The History of Compensation
What is compensation? Simply put, it is pay in exchange for work. In early history, people bartered for what they could not obtain or create themselves. If one person labored for another, they would get a share of the reaping. Currency was later invented as a more liquid medium of exchange. With the Industrial Age came the need to be both systematic and scientific about compensation. How much should someone be paid for a given job? If someone was running a factory, how would they pay workers in similar or different roles? And thus, the field of compensation was born.
In the 1800’s and early 1900’s, labor conditions were appalling. Workplaces were dangerous, hours were long, wages were low and small children were frequently put to work. There were two primary reactions to these wretched conditions: 1) The birth of organized labor and unions where workers banded together to fight for improved conditions and 2) An outraged public that lobbied for protective laws. And so, The Wagner Act, passed in 1935, gave added legitimacy and legal protections to organized labor and the Fair Labor Standards Act (FLSA), still important today, minimum wage laws, child labor laws and overtime laws.
More recently, there have been laws covering workers compensation, equal pay, non-discriminatory practices and employee benefits. All of these impact modern compensation theory and practice. Yet the biggest present-day compensation issues stem from changes in the workforce and business world.

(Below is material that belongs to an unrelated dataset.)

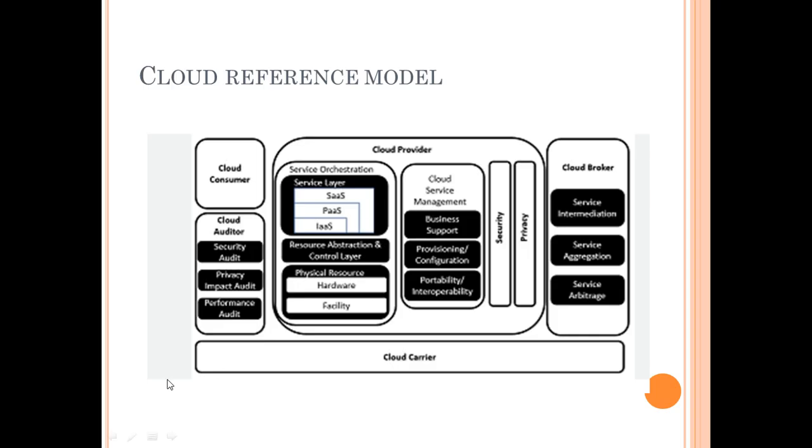Under cloud provider, we see service orchestration, which includes whether the services provided are infrastructure as a service, platform as a service, or software as a service.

The growth of pay for performance, increased diversity, greater use of contingency workers and globalization all play major roles.
The Importance of Reward Systems
Compensation can be expanded beyond salary to include any pecuniary or financial benefit provided by the employer to the employee. In the last twenty years, this has been referred to as Total Remuneration. It can include base pay, bonuses, long term incentives, welfare benefits and retirement benefits. It also includes rewards. Rewards can be economic or non-economic. They can be intrinsic (coming from inside the employee) or extrinsic (coming from the employer). Employee recognition programs for service, for special contributions, for achievement of objectives or for completing a project all fall under Rewards.
Motivational Theories Important to Compensation Practice
Employers are interested in rewards programs to attract, retain and motivate qualified employees. They want to influence individual behavior. With this in mind there are a few motivational theories that are important to compensation practice:
- Maslow’s Hierarchy of Needs Theory states that people have physiological, safety, belonging, self-esteem and self-actualization needs respectively. Their motivation is to satisfy each type of need hierarchally. First, people need food and shelter, then they need safety and, finally, they need to be creative and self-fulfilled.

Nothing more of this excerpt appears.